Use the reflection formula:
$$\frac{x’-x}a=\frac{y’-y}b=\frac{-2(ax+by+c)}{a^2+b^2}\quad\text{for line }ax+by+c=0$$
Case A:

Line is $y-4=0$:
$$\frac{x’-x}0=\frac{y’-y}1=\frac{-2(y-4)}{1}$$
where a convention is to take $0/0$ which is a result of the derivation.
$$\implies x’=x,y’=8-y$$
So curve becomes:
$$y’=8-e^{x’}\equiv y=8-e^x$$

Case B:

Line is $x-5=0$:
$$\frac{x’-x}1=\frac{y’-y}0=\frac{-2(x-5)}{1}$$
where a convention is to take $0/0$ which is a result of the derivation.
$$\implies x’=10-x,y’=y$$
So curve becomes:
$$y’=e^{10-x’}\equiv y=e^{10-x}$$

Case C:

Let the line be $2x+3y+4=0$:
$$\frac{x’-x}2=\frac{y’-y}3=\frac{-2(2x+3y+4)}{13}$$
$$\implies x’=\frac1{13}(5x-12y-16), y’=\frac1{13}(-12x-5y-24)$$
Or:
$$x=\frac1{13}(5x’-12y’-16),y=\frac1{13}(-12x’-5y’-24)$$
So curve becomes:
$$\large (-12x’-5y’-24)=13e^{(5x’-12y’-16)/13}\\\large \equiv -12x-5y-24=13e^{(5x-12y-16)/13}$$

Adding to @Adriano’s answer, if you want to reflect $y=f(x)$ across $y=mx+b$ you have to reflect the function by the x-axis and then rotate it by $\theta=\pi+2\tan^{-1}(m)$ radians.

So if we have $y=f(-x)$, then by using the rotation matrix in linear algebra, we can set $x=x’\cos(\theta)+y’\sin(\theta)$ and $y=y’\cos(\theta)-x’\sin(\theta)$.

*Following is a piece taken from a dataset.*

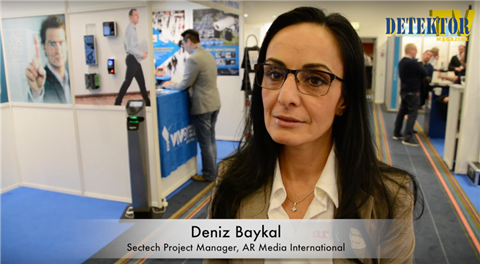  Deniz Baykal, AR Media Internationals projektchef for Sectech.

So the reflection over $y=mx$ equals

$$\left(\frac{2m}{2m^2+1}x’-\frac{1-m^2}{m^2+1}y’\right)=f\left(-\left(-\frac{2m}{m^2+1}y’-\frac{1-m^2}{m^2+1}x’\right)\right)$$

A better explanation for this formula is shown here.

Then with $b$, you have to shift $y=f(-x)$ down $b$ vertically to get $(y+7)=f(-x)$. Then after the rotation, the rotated function should be shifted up vertically by seven. Thus the final formula is

$$\left(\frac{2m}{2m^2+1}x’-\frac{1-m^2}{m^2+1}(y’-b)+b\right)=f\left(\frac{2m}{m^2+1}(y’-b)+\frac{1-m^2}{m^2+1}x’\right)$$

Now substitute $f(x)=e^{-x}$